Understandably, most of us have negative connotations associated with “spreading the word”. It is yet another “motte and bailey” situation, where on some level it’s true that increasing the number of people who e.g. read Less Wrong is not our terminal value, that gaining followers is almost orthogonal to being ‘less wrong’, and that trying to be attractive for too many people could dilute the message; but on the other hand, it can easily become reversed stupidity, something like people refusing to eat food just because Hitler did that.
There are two basic ways how can rationality movement could disappear from the world. One is gradual shrinking: people individually deciding that e.g. Pascal’s wager actually makes sense, or that making their political faction win is more important than getting statistics and logic right, or otherwise trade rationality for something more appealing. The other is gradually becoming a group of old farts, whose debates are gradually reduced to talking over and over again about the things that happened decades ago. -- Where do we see ourselves, as a group, 50 years from now? (Conditional on Singularity not happening, humanity not going extinct, etc., or course.)
Of course, if we are not willing to enter a “loose confederation” with the previous generations, we should not expect a different approach from the next generations.
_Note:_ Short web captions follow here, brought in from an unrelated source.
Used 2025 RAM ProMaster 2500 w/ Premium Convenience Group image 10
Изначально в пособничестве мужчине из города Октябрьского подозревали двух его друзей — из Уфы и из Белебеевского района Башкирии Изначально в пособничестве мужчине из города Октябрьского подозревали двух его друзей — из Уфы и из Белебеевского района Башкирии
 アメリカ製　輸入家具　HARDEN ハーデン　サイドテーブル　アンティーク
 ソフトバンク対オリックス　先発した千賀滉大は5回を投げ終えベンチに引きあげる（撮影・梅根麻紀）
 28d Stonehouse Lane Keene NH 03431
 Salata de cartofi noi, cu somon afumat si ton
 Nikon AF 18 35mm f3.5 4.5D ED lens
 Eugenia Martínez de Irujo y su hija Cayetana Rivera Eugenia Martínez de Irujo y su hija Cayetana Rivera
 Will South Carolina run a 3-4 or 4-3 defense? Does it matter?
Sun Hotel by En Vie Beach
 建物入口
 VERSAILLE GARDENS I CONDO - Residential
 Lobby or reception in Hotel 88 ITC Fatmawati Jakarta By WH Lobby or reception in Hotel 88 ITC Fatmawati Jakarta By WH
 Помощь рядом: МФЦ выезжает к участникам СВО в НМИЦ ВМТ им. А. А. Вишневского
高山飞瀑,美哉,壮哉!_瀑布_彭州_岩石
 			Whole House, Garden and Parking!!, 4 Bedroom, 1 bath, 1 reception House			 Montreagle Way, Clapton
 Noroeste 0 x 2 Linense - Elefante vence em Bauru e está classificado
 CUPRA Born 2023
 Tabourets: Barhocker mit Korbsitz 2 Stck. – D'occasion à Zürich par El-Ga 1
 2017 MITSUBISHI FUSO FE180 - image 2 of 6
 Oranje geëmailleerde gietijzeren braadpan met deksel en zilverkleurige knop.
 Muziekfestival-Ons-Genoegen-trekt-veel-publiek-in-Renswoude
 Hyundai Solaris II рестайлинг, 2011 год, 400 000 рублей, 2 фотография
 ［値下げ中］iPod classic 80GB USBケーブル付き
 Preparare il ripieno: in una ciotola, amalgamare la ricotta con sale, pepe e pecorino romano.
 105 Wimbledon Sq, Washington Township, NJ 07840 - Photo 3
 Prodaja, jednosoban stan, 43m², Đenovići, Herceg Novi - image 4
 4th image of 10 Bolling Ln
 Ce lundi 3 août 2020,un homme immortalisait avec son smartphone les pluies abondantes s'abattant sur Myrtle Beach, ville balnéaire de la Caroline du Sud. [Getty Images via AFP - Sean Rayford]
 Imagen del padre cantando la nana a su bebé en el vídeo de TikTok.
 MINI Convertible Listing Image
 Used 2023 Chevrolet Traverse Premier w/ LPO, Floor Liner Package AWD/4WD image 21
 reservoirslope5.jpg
Telling them to “read the Sequences” would be like telling us to “read Science and Sanity”; maybe one in a hundred would do, but nothing would change as a result, anyway.
Seems like two things need to be done, probably in this order:
1) Agree on a larger definition of “confederation of reason”, “scions of Bacon”, or whatever we decide to call it. Yes, this will be difficult, it goes against our nitpicking instinct, and it is going to rub many people the wrong way.
2) Make a strategic effort to recruit people, a lot of them (not just a few mathematical prodigies), into the “confederation of reason”. This could mean joining what other organisations are already doing, instead of reinventing the wheel. This again goes against our instincts.
I expect that many rationalists will be not able to overcome their insticts on these matters, so we should not expect a wide consensus here. Instead, a few people who like this idea should just create a team, and do it. Which is how generally things get done.